*Goal of the exercise*: Look below for the line that has "Rouge bordeaux - Coupe". Set down the lines from there through the line that has "Image No.12-2 Bed Townhouse for sale", exactly as written.

*Provided records*:
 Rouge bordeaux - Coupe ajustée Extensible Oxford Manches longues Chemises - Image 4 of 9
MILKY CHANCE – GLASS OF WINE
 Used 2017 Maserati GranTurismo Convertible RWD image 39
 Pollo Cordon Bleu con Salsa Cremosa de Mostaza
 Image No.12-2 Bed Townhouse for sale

--

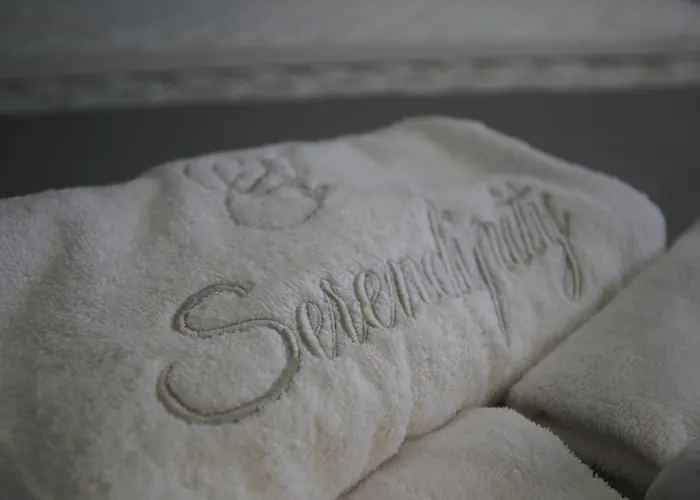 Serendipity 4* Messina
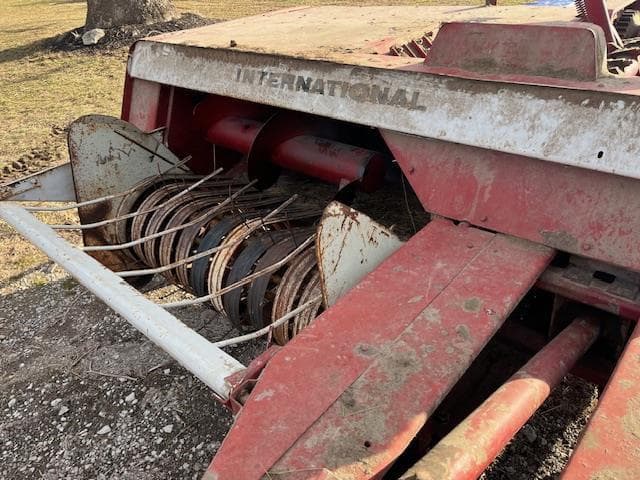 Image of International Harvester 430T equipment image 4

* * *

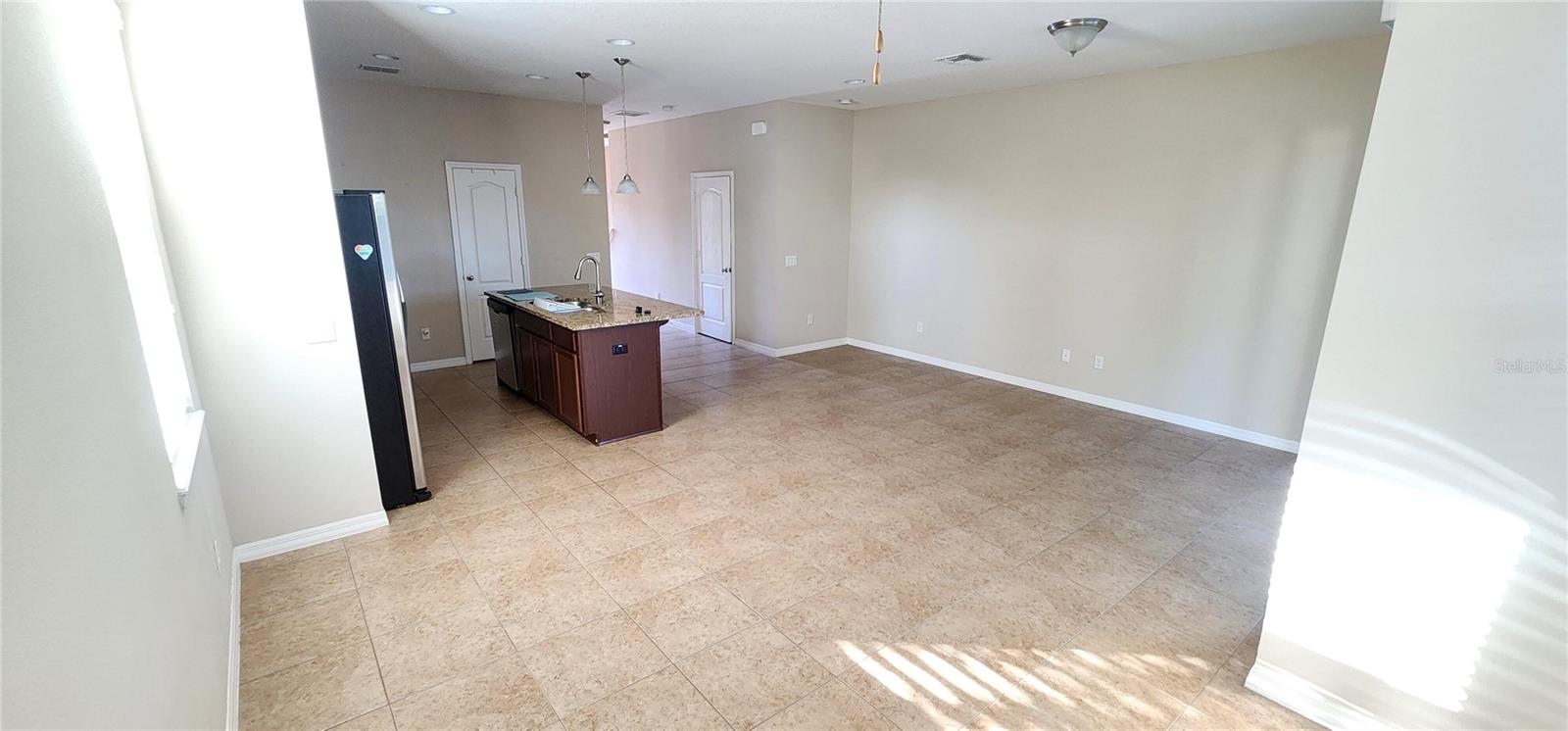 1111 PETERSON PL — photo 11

*Result below*:
 Rouge bordeaux - Coupe ajustée Extensible Oxford Manches longues Chemises - Image 4 of 9
MILKY CHANCE – GLASS OF WINE
 Used 2017 Maserati GranTurismo Convertible RWD image 39
 Pollo Cordon Bleu con Salsa Cremosa de Mostaza
 Image No.12-2 Bed Townhouse for sale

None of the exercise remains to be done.